2.5.4. Standard care (STC)

Participants in the STC arm did not receive any treatment content from the study beyond informing them that their child met criteria for obesity during the initial phone call and at the initial assessment sessions. Thus, these children were followed as usual by their pediatrician similar to the children in LAUNCH and MI.

2.6. Study monitoring procedures

2.6.1. Intervention training and treatment fidelity

2.6.1.1. Training.

Treatment providers were selected based on their previous training and experience in the respective treatment modality, MI and behavioral therapy and were external to the staff at the pediatric clinics. All therapists received training in the application of these therapy skills within the context of the intervention protocols prior to delivering the treatment in the trial. There were three MI interventionists, a pediatrician and two psychologists. The initial psychologist served as interventionists for MI across cycles 1–7. The second psychologist overlapped with the original therapist in cycle 7 for training and served as the MI therapist across cycles 8, 9 and 10. There was one primary therapist for LAUNCH throughout the trial except for cycle 7, when the therapist was out on medical leave.

MI interventionists were selected for the trial because of their extensive training and experience in MI. Although there is no official MI certification to date, each MI interventionists had approximately of 10 years of MI experience including participation in various structured MI trainings. The initial psychology MI interventionist was a member of the Motivational Interviewing Network of Trainers (MINT) and participated in creating the MI manual based on existing interventions [35,36]. The physician and psychologist completed a guided review of the treatment manual with the study staff. In addition, throughout the first three cycles the psychologist and physician met together and reviewed a subset of each other’s audiotapes and provided feedback on MI integrity. When the second psychology MI interventionist joined the study, she overlapped with the initial therapist in delivering cycle 7. Training included reviewing audiotapes of the initial interventionist’s sessions prior to implementing a session with one family, and receiving regular feedback on the audiotapes of her own implementation. Throughout the study, MI fidelity coders provided additional feedback to the interventionists on a quarterly basis.
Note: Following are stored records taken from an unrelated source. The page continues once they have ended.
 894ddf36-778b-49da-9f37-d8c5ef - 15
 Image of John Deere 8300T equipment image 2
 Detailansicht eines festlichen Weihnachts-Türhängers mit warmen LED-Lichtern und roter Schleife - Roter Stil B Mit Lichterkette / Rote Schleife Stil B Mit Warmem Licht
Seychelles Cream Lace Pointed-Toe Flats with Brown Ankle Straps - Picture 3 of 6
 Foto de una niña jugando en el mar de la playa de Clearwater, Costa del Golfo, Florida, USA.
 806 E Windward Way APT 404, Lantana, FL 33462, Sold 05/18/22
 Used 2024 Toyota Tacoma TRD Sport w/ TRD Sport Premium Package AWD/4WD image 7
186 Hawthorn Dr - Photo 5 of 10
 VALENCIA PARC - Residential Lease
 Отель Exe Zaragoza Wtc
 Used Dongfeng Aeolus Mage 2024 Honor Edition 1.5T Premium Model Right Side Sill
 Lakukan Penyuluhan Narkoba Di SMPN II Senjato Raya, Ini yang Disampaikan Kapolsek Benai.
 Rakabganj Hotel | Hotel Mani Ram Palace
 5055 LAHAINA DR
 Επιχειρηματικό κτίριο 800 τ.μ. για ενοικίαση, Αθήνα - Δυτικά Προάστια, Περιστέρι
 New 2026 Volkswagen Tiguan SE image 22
The LAUNCH interventionist was trained on the LAUNCH protocol during the pilot studies [15,16]. The interventionist reviewed the manual and observed a full intervention cycle of the pilot led by the PI. In subsequent cycle of the pilot, the interventionist conducted the parent sessions independently and videotaped sessions were reviewed by the PI who provided supervision and feedback after every session. Once the current trial began the PI was not involved in supervision of the intervention. The fidelity coder, a PhD-level consultant with expertise in obesity treatment, watched each session of the first cycle of LAUNCH and provided supervision and feedback to the interventionist following each session. The interventionist for LAUNCH was consistent across all cycles except for a brief medical leave in cycle 7. The replacement therapist had extensive prior training in behavioral weight management treatment with school age children. She was trained on the current protocol by shadowing and co-leading cycle 6 with the primary LAUNCH therapist and weekly supervision from the primary therapist following each session.

Postdoctoral fellows, who conducted the child clinic sessions and home visits, were trained by review of the LAUNCH manual, watching videotapes of child group sessions, listening to audiotapes of home visits, and conducting a role play of sessions with feedback from the licensed psychologist conducting the parent group. In addition, each new fellow shadowed a second year fellow in the conduct of child clinic groups and home visits for one cycle before being assigned their own families. Fellows also received weekly supervision by the licensed psychologist conducting the corresponding parent group that included review of audio/videotaped sessions as needed.

2.6.1.2. Fidelity

All LAUNCH and MI sessions were either video or audio taped. A fidelity checklist of LAUNCH session content was developed that outlined the specified teaching and practice of behavioral skills, nutritional information, and physical activity content as was successfully done in our randomized trial for nutrition in CF [24]. During conduct of the current trial, 25% of LAUNCH clinic and home sessions were scored using this fidelity checklist by a PhD-level consultant with expertise in obesity treatment and not otherwise involved in the study except to provide supervision and feedback during the implementation of the first treatment cycle. Similarly, 25% of MI sessions were scored using the Motivational Interviewing Treatment Integrity coding system (MITI 3.1.1; which was the current coding system throughout the study) [37]. Therapist utterances were evaluated based on five global MI dimensions (Evocation, Collaboration, Autonomy/Support, Direction, Empathy) on a five point Likert scale, as well as behavioral codes (i.e., Giving Information, Open Questions, Closed Questions, Simple Reflections, Complex Reflections, MI Adherent and MI Non-adherent) by a health care practitioner trained in MI. For both interventions if fidelity was found to drop below 90% on any coded session, feedback was provided to the therapist on components to which they were not adhering by the individual conducting the reliability coding.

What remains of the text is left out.